Legal Seas: Krafton Ordered to Reinstate Subnautica Founders Following $250 Million Earnout Dispute
In a landmark ruling that has sent shockwaves through the global video game industry, the Delaware Court of Chancery has ruled against South Korean gaming giant Krafton Inc. in the first phase of a high-stakes legal battle. The dispute centers on an alleged attempt by Krafton to circumvent a $250 million "earnout" agreement following its 2021 acquisition of Unknown Worlds Entertainment, the developer behind the critically acclaimed Subnautica series.
The court’s decision, handed down in mid-March 2026, marks a significant victory for the founders of Unknown Worlds. The presiding judge found that Krafton breached its contractual obligations by terminating the studio’s leadership—including CEO Edward Gill—under what the court deemed questionable circumstances. The ruling not only reinstates Gill to his position but also secures his authority over the impending launch of Subnautica 2, ensuring that the strategic direction of the franchise remains, for now, in the hands of its creators.

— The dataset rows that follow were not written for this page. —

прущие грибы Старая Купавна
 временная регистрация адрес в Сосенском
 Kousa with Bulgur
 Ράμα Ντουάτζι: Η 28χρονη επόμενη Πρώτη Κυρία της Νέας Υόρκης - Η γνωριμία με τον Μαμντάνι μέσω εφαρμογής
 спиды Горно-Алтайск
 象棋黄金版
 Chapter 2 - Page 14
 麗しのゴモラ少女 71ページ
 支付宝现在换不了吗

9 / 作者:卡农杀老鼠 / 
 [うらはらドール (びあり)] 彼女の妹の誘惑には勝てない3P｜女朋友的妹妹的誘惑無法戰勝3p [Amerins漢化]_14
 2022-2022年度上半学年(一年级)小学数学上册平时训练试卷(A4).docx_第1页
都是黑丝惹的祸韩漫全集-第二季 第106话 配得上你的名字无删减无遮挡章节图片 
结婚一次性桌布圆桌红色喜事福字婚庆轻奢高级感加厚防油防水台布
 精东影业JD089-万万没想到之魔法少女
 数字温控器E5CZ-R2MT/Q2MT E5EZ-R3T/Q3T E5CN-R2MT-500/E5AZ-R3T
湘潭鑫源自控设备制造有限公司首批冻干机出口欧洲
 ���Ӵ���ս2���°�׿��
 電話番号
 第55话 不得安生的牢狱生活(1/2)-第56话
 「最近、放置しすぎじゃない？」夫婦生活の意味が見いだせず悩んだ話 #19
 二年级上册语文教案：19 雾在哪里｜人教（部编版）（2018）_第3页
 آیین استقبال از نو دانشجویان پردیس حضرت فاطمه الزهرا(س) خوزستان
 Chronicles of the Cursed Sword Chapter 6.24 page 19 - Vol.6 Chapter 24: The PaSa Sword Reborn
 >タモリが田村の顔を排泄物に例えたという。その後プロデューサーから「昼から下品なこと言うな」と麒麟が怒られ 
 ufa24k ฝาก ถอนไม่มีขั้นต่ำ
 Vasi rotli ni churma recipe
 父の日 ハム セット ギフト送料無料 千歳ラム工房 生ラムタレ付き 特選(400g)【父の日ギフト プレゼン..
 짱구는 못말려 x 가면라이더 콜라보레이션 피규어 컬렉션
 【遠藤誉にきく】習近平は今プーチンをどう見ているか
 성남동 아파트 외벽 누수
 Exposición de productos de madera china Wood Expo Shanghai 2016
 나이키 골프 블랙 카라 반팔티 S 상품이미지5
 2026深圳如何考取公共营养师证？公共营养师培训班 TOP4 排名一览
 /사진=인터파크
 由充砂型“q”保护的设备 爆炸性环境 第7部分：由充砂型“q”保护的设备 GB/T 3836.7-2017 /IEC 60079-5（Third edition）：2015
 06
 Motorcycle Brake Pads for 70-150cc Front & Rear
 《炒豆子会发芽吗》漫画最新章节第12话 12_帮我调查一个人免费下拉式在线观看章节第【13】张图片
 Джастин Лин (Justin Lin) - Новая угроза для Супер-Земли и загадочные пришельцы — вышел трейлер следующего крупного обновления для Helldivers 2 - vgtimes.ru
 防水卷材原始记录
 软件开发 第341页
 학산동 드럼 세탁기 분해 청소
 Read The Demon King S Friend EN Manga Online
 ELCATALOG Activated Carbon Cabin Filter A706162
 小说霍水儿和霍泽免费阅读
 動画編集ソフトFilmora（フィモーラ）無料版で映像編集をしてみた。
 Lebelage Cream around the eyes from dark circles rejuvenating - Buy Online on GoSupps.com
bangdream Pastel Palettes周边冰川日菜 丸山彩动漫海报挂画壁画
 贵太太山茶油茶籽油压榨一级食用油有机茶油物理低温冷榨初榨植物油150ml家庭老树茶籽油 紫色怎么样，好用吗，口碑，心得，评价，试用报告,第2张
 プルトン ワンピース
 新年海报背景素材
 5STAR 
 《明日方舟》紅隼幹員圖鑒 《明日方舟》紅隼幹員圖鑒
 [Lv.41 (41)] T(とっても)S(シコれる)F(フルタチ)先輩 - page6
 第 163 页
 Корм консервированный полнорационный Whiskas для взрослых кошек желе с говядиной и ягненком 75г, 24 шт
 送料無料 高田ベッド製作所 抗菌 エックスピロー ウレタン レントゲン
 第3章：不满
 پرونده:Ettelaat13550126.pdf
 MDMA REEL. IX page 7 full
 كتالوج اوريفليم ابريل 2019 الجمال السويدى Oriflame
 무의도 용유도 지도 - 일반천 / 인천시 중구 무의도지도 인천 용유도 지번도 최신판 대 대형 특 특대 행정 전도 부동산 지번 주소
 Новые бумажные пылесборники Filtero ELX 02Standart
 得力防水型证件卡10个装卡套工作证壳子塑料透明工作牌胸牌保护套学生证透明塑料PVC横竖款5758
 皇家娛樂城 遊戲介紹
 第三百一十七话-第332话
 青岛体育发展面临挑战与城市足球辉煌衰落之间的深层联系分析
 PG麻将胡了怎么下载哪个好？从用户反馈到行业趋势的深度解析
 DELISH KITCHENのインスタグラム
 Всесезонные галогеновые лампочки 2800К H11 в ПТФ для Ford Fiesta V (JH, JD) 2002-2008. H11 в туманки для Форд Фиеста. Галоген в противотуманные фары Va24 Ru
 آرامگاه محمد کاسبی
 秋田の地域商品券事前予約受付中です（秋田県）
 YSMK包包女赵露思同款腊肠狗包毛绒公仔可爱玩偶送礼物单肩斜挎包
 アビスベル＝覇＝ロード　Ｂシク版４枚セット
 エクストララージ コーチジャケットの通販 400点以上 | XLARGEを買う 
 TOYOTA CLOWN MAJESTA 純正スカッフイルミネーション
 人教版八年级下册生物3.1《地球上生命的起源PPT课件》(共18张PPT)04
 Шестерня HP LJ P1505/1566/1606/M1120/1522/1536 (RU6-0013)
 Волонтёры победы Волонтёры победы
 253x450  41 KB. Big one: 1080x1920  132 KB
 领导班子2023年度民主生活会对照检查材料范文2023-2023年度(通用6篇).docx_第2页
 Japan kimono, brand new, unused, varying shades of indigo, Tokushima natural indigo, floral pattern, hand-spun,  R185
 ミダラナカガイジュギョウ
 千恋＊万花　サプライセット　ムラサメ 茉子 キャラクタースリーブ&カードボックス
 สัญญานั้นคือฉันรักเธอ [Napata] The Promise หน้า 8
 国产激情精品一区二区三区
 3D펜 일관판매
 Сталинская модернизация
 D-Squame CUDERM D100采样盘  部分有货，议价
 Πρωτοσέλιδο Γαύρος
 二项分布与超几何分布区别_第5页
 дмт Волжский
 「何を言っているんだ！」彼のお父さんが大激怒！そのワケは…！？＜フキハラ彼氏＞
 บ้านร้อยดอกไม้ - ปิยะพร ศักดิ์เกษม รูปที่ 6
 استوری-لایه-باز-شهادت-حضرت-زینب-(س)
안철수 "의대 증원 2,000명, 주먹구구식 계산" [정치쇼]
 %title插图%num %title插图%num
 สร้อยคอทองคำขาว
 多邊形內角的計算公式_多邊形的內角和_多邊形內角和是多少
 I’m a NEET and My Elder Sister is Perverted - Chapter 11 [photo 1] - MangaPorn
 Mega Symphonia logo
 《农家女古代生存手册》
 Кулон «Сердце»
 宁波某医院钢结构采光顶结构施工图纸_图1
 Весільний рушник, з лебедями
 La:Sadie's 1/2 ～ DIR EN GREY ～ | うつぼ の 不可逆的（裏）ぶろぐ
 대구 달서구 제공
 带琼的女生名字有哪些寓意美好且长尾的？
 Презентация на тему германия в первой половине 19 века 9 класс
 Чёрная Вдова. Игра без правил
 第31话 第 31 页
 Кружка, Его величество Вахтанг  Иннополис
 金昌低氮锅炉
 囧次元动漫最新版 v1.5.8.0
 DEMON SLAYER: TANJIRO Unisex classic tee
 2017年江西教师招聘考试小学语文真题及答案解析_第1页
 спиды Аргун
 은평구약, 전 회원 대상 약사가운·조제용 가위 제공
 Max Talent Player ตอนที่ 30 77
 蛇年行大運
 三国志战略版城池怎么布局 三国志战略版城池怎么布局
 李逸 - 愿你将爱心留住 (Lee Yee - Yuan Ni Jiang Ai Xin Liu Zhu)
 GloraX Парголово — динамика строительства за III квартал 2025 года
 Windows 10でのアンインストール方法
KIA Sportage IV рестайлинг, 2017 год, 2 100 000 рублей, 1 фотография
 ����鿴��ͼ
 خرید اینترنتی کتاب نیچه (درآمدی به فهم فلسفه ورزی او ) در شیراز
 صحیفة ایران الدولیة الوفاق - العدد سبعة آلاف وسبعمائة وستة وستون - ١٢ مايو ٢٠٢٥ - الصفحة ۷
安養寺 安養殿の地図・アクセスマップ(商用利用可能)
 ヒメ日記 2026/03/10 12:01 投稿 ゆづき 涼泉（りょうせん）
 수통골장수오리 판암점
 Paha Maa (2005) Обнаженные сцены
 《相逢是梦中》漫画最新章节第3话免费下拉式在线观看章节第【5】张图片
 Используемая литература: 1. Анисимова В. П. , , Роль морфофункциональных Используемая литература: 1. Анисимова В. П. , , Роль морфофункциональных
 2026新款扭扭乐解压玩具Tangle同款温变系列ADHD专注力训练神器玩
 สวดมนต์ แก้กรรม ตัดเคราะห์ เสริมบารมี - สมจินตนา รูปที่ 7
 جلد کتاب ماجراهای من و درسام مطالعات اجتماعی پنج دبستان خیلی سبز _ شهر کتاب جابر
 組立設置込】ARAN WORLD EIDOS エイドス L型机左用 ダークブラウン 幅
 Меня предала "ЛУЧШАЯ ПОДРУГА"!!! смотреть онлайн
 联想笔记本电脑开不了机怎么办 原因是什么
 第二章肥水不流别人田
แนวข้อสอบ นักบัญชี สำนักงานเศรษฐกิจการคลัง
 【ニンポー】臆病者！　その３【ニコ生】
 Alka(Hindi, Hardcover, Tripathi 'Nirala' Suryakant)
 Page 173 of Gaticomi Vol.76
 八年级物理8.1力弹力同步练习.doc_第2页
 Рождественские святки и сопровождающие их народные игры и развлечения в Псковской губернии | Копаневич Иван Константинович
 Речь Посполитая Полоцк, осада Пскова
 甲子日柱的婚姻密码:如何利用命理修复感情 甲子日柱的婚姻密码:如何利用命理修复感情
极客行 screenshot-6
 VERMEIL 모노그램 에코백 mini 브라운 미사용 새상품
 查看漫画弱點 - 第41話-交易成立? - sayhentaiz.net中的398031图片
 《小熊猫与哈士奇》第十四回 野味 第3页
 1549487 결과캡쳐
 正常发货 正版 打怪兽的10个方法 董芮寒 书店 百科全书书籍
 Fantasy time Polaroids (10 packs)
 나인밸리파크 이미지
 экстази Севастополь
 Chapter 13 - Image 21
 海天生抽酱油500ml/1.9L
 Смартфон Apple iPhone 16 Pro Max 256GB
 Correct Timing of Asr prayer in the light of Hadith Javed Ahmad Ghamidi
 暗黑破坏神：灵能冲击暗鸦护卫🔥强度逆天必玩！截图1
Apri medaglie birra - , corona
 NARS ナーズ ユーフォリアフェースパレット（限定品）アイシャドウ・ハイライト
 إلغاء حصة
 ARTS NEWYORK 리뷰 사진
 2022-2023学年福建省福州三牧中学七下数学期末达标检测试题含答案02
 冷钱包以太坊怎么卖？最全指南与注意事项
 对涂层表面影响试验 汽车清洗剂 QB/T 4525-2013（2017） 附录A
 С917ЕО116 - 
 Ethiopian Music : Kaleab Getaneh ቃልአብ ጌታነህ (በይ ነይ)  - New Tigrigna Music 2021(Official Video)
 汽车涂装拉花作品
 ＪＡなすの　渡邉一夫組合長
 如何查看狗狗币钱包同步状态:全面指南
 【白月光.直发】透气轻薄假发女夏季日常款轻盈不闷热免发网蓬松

Main Facts: A $250 Million Point of Contention
The crux of the litigation lies in the financial structure of Krafton’s acquisition of Unknown Worlds. When the deal was finalized in October 2021, the purchase price included a substantial upfront payment, supplemented by a potential $250 million earnout. In the world of mergers and acquisitions (M&A), an earnout is a common mechanism used to bridge valuation gaps; it rewards the sellers if the acquired company hits specific performance milestones, such as revenue targets or successful product launches, within a set timeframe.
As Subnautica 2 approached its Early Access window, it became increasingly apparent that the studio was on track to trigger these massive payouts. According to court documents, Krafton leadership allegedly moved to terminate the founders "for cause," a legal designation that typically voids deferred compensation and earnout rights. By claiming the founders had committed terminable offenses, Krafton sought to wipe the $250 million liability from its balance sheet.
However, the Delaware court found these dismissals to be a breach of contract. The judge’s summary was unequivocal: Krafton’s actions were an "uncontractual" attempt to impede the founders’ ability to realize the value of their work. The court has now enjoined Krafton from interfering with Edward Gill’s executive authority, effectively resetting the corporate hierarchy to its pre-dispute state.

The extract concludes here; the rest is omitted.